Voilà ce dont il est question ici : vous volez la possession de votre corps pendant qu’il est encore jeune, en extraire sa vie, et le sacrifier sur l’hôtel de la production capitaliste
Vers 20h nous nous asseyons le long de la rue. Les jeunes deviennent plus nombreux. La scène que je vois restera gravé dans ma mémoire. Pas un témoignage, pas une statistique, ne me marquera plus que ce tableau, sinistre. Ces jeunes, entre 16 et 30 ans sortent de l’usine un à un, le visage blême, le regard vide, vêtu simplement de pyjama/ claquettes. Personne ne se parle, certains marchent le téléphone sous les yeux, et le pouce qui fait défiler les images. Ils vont chercher à manger, mécaniquement. Ce défilé de jeunes adultes est terrifiant, ils ont l’air inanimé. Un jeune homme s’arrête à quelques mètres de nous, il s’accroupit et s’effondre en sanglots. Les autres le dépassent indifférents. « Cela arrive souvent, il craque » me souffle Shen. C’est ça les usines Apple, Samsung, Shein, H&M, elles sucent la vie de votre corps. Travaillez, travaillez, travaillez, votre famille sera fière de vous ! Mendiez pour faire des heures supplémentaires, vous aurez plus d’argent, et vous pourrez, peut-être, vous acheter l’iPhone que vous êtes occupé à assembler. Et quand vous aurez 30 ans, que votre corps, usé par les années de dur labeur ne sera plus aussi alerte, que la vitesse vous manquera pour respecter les quotas, vous serez calmement invité à rejoindre votre village, et ferez des enfants pour qu’ils vous ramènent à leur tour de l’argent. Voilà ce dont il est question ici : vous volez la possession de votre corps pendant qu’il est encore jeune, en extraire sa vie, et le sacrifier sur l’hôtel de la production capitaliste. Nous quittons l’entrée de l’usine. Les (trop) nombreux magasins de téléphones que nous dépassons (premier achat indispensable pour le néo-ouvrier) m’écœurent. Sale dystopie.

 

Une production légitime dans le système capitaliste

Voilà ce à quoi ressemble la production à Foxconn, et plus généralement dans les zones économiques spéciales (ZESs). Elle confisque des années de vie. Elle empêche des milliers de jeunes d’accéder à la vie bonne.
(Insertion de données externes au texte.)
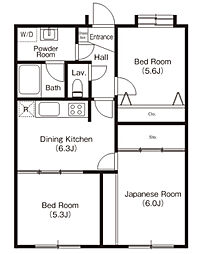 ル・プランシェ 304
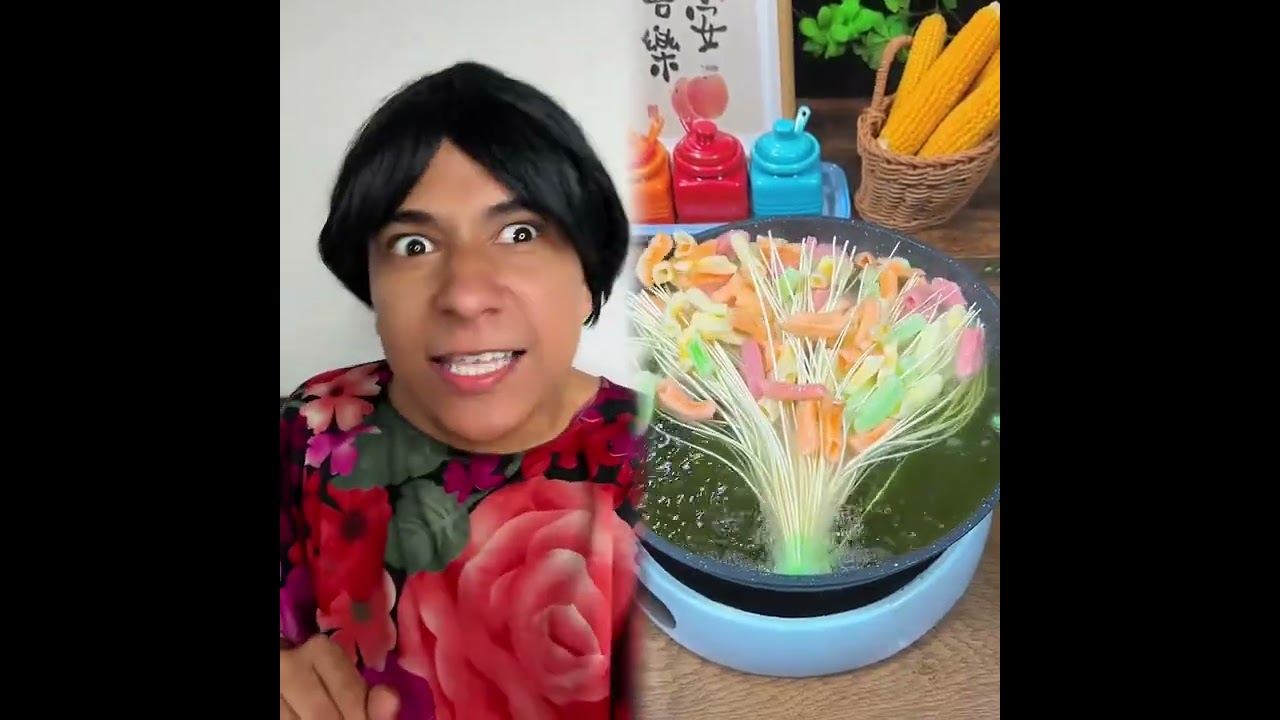 🤣👌👌👌2026 pov Must-Watch Crazy Clips Compilation #humor #fypシ #pov #fyp #foryou #funny 😍😜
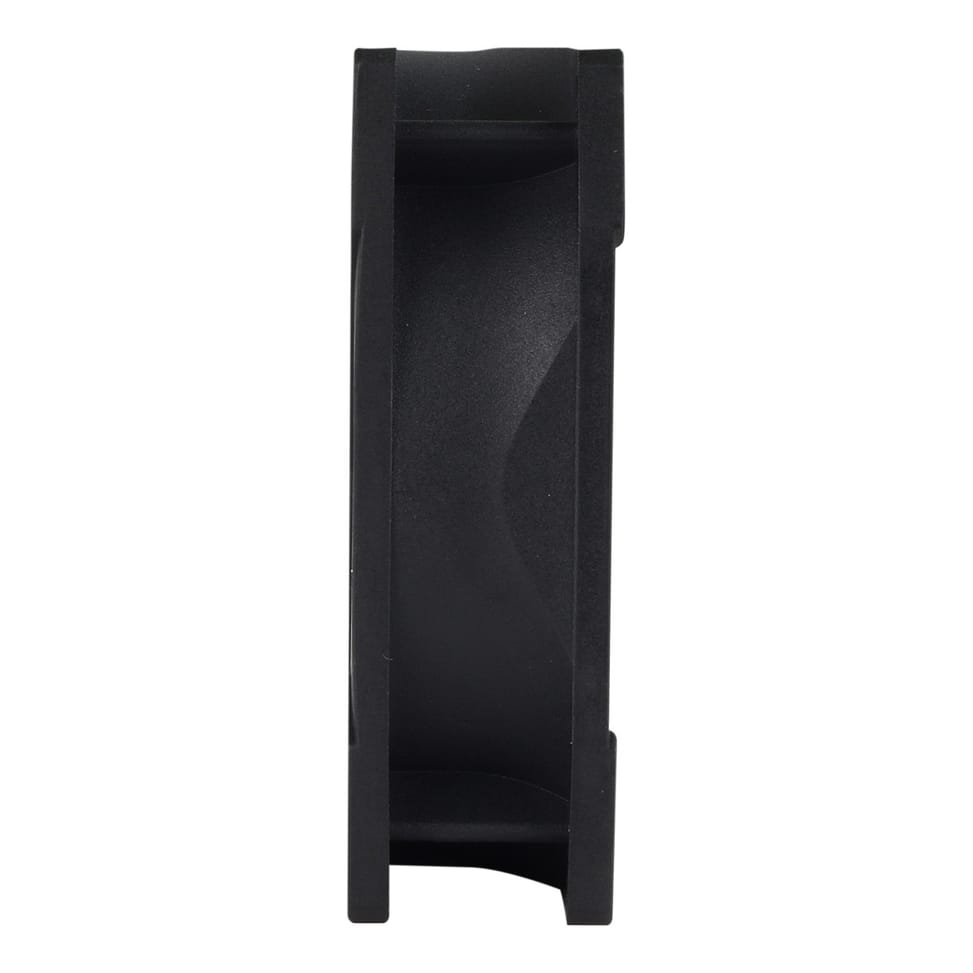 ARCTIC F8 Boitier PC Ventilateur 8 cm Noir (ACFAN00205A) — image 3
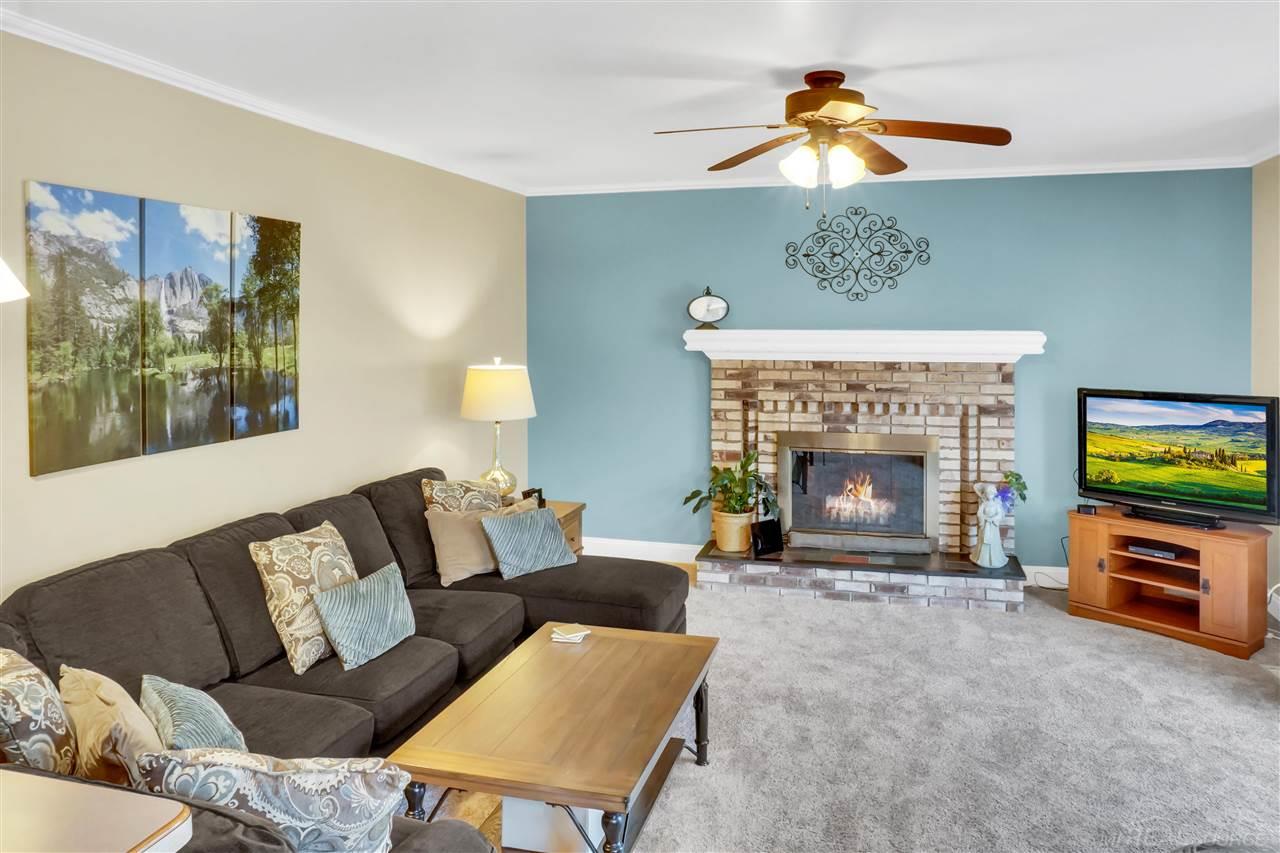 47371 Kathleen Road Macomb, MI 48044 - Photo 12 of 42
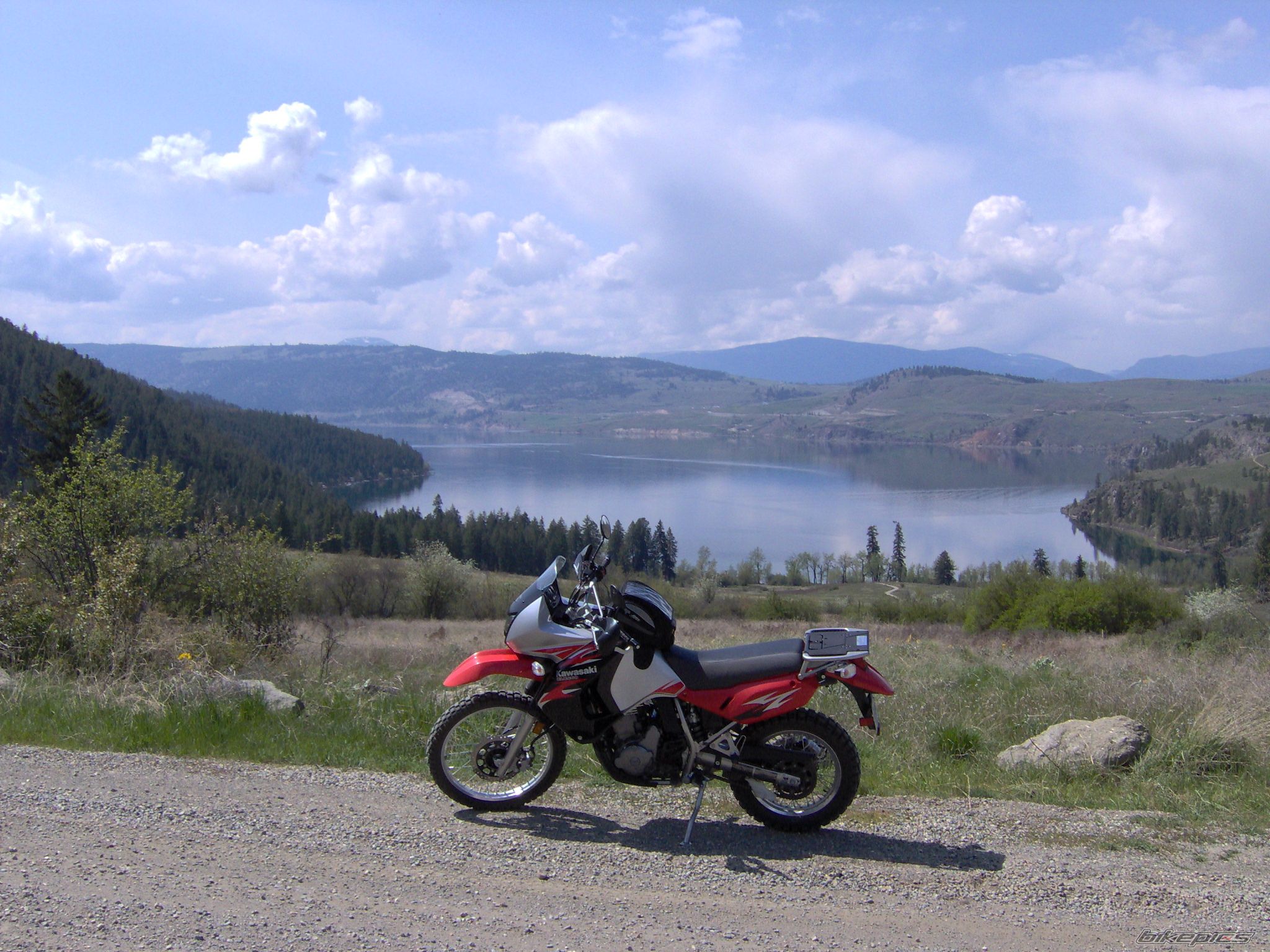 Bike Photo 1289987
Ce sont les règles du marché. Elles permettent de se voir concrétiser les aspirations individuelles façonnées par le système capitaliste
Pourtant, la commission européenne et sa directive -récemment édulcorée- sur le devoir de vigilance, ne semble pas se préoccuper de ces travailleurs. Et pour cause, la grille d’analyse contractuelle ne formule aucun reproche à ce qui se passe chez Foxconn. Les ouvriers se lient volontairement à un employeur, et se soumettent à sa subordination en toute liberté contractuelle. On peut même se demander si les droits humains permettent une critique un peu plus poussée : il n’y a pas de travail d’enfant, pas de travail forcé. Non, rien de cela, ici, il y a juste des jeunes qui, pour satisfaire les besoins de leur famille, vont s’exiler à des milliers de kilomètres et s’abrutir 11 heures par jour sur une ligne d’assemblage à répéter une micro tâche à l’infini, et espèrent arracher, à leur tour, leur part du gâteau capitaliste. Ce sont les règles du marché. Elles permettent de se voir concrétiser les aspirations individuelles façonnées par le système capitaliste.

Li Shen repart, avec son petit sac à dos d’écolier qu’il a comme seul bagage. Il prend l’avion pour Shangaï ce soir, il espère avoir plus de chance d’y trouver un travail. Trois semaines plus tard, sur WeChat, il poste une photo de sa nouvelle moto avec la légende suivante : « j’ai une moto enregistrée à mon nom, je suis devenu quelqu’un ».